# Problem statement
Only one span is wanted from the lines below: from the one with "10604 32nd Avenue N, Plymouth, MN 55441" up to and including the one with "Bilecik'te şiddetli yağış". Copy it exactly, without images.

# Listed entries
──────

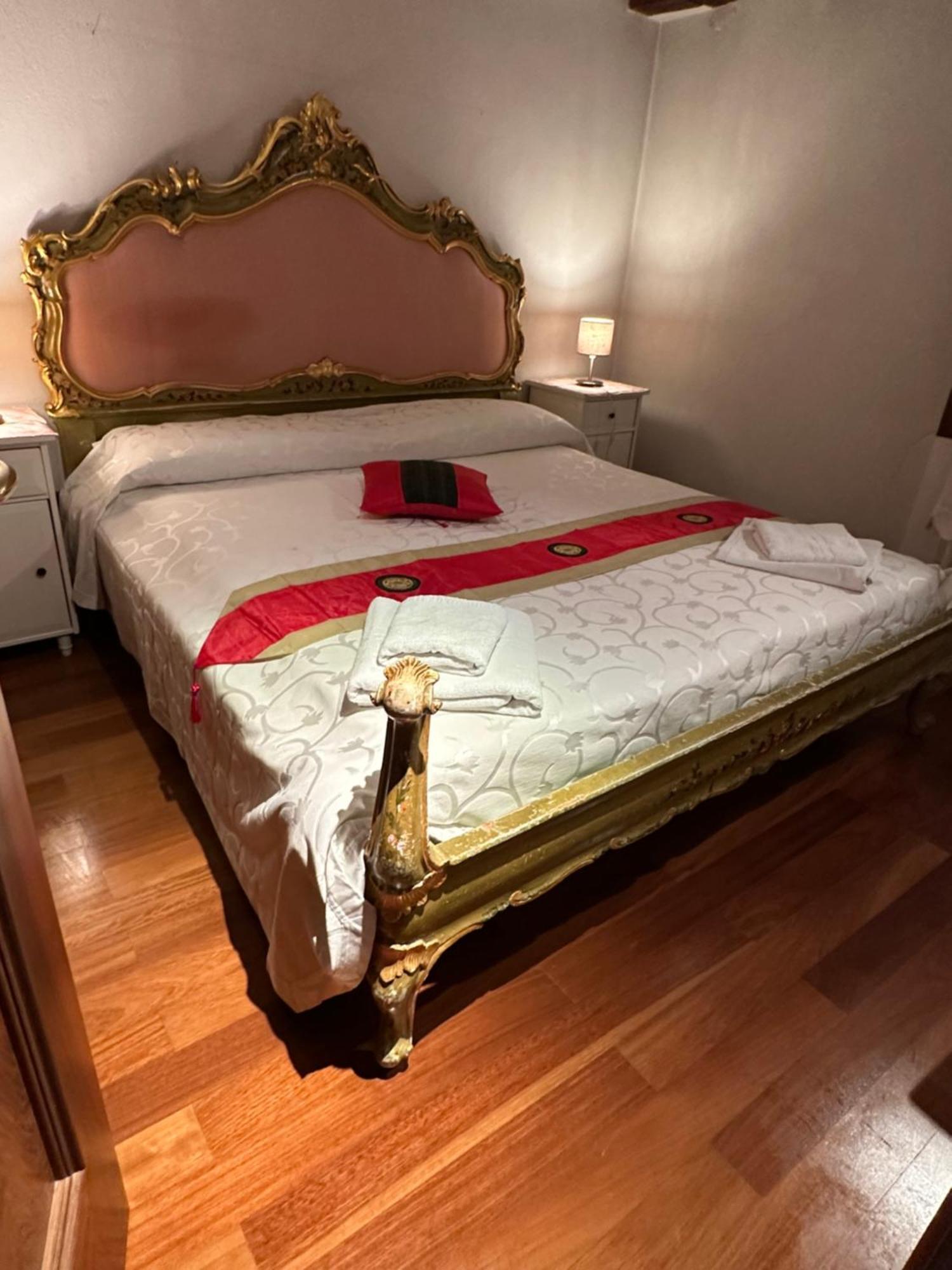 1 Ca'Del Traghetto Family Apartment Wenecja Zewnętrze zdjęcie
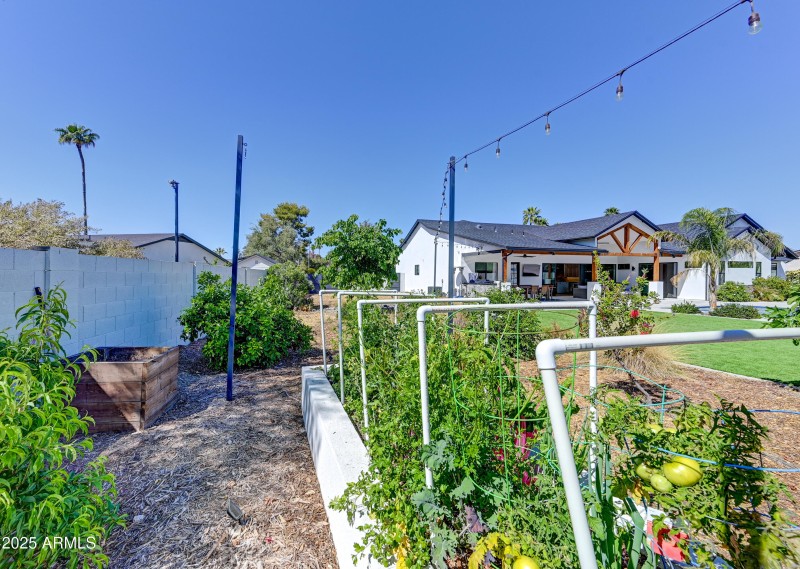 6037 E Charter Oak Rd-56
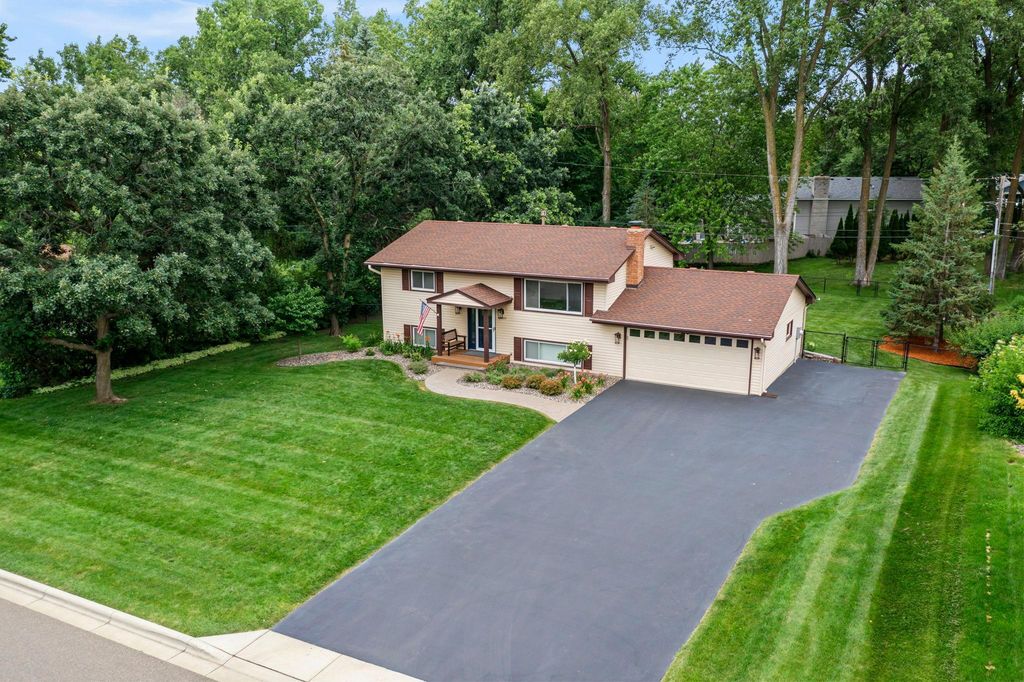 10604 32nd Avenue N, Plymouth, MN 55441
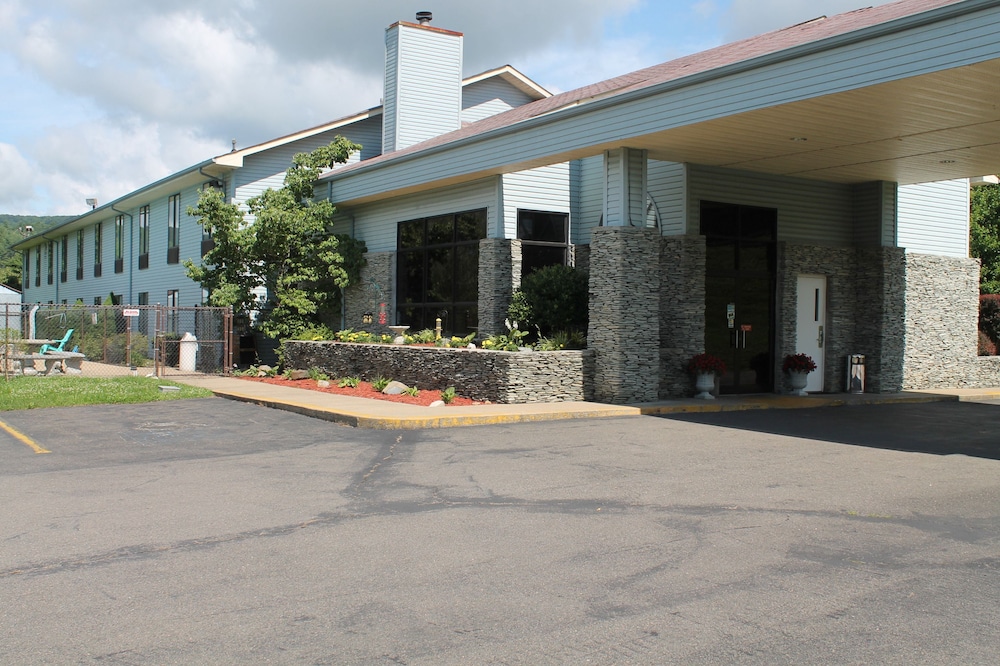 Pet Friendly Americourt Hotel in Mountain City, Tennessee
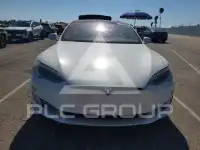 2019 Tesla Model S фото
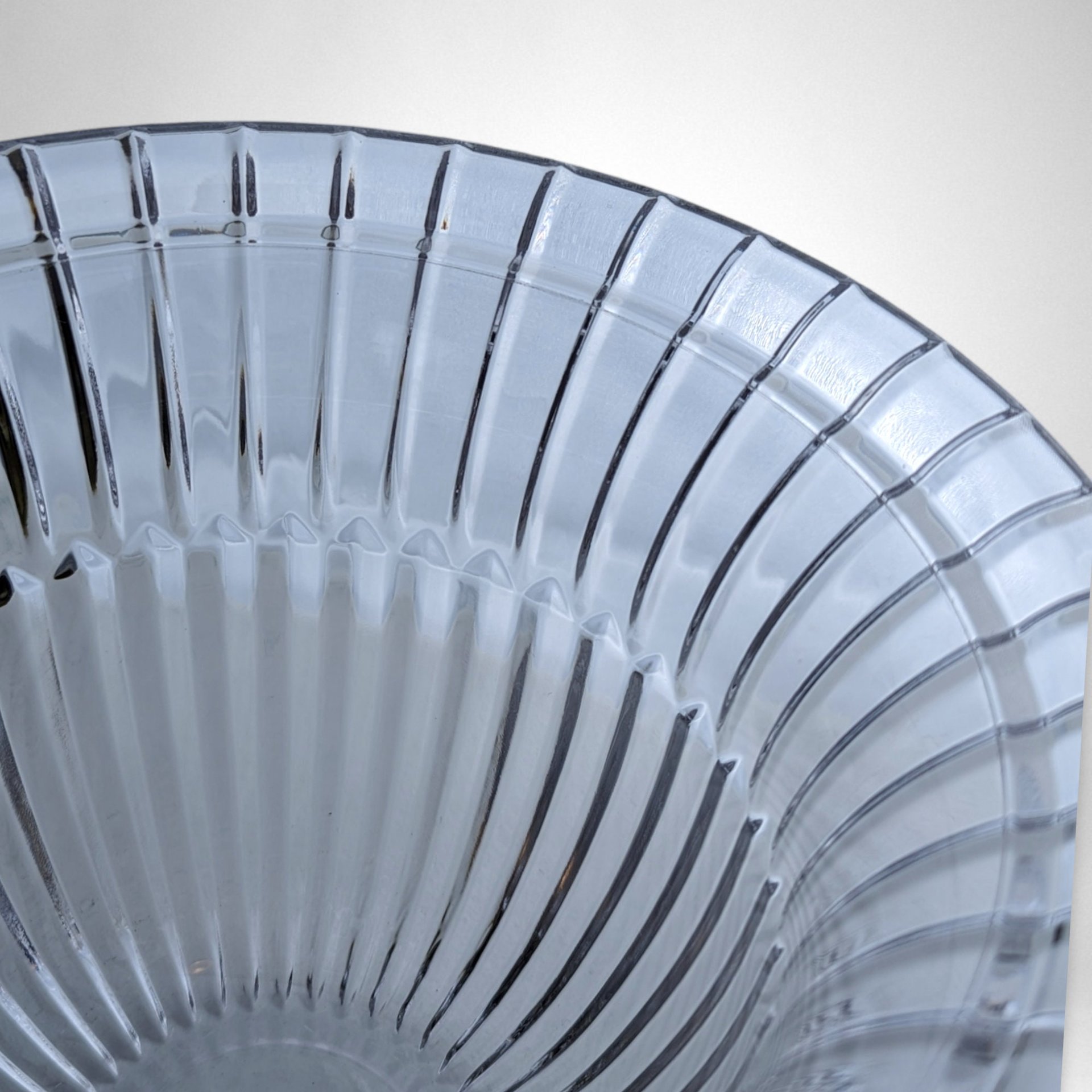 Vintage Clear Glass Covered Candy Dish – Timeless Elegance for Sweet Delights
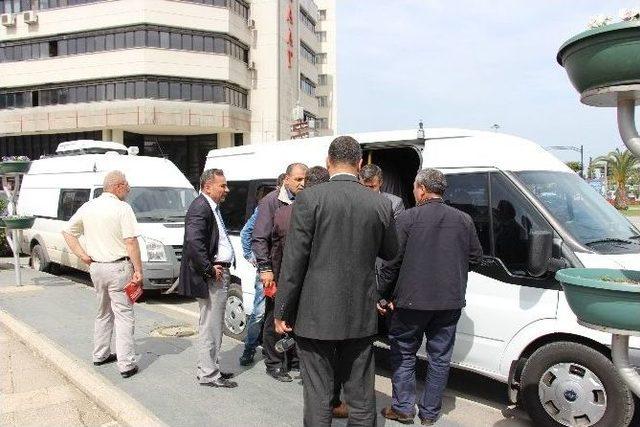 Anayasa Standına Silahla Gelen Şahıs Gözaltına Alındı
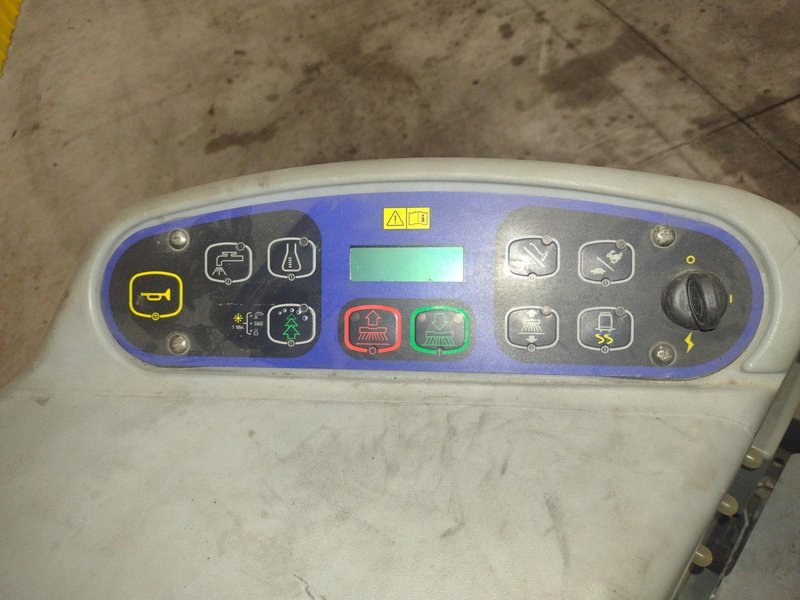 ADVANCE MODEL #CONDOR X4030C ECOFLEX FLOOR SCRUBBER: STOCK #21127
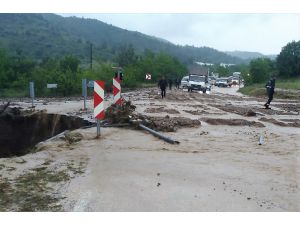 Bilecik'te şiddetli yağış tarım arazilerinde ve yollarda hasara neden oldu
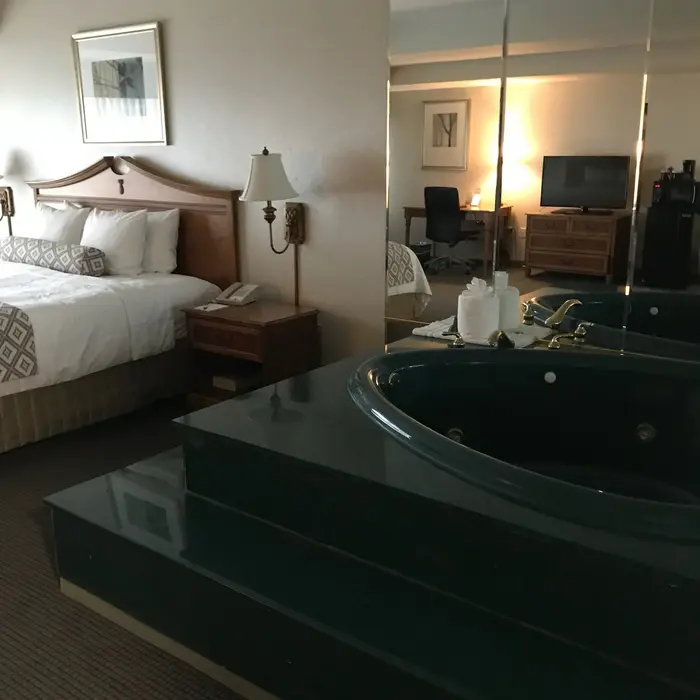 Clayton Plaza Hotel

──────

# Task response
 10604 32nd Avenue N, Plymouth, MN 55441
 Pet Friendly Americourt Hotel in Mountain City, Tennessee
 2019 Tesla Model S фото
 Vintage Clear Glass Covered Candy Dish – Timeless Elegance for Sweet Delights
 Anayasa Standına Silahla Gelen Şahıs Gözaltına Alındı
 ADVANCE MODEL #CONDOR X4030C ECOFLEX FLOOR SCRUBBER: STOCK #21127
 Bilecik'te şiddetli yağış tarım arazilerinde ve yollarda hasara neden oldu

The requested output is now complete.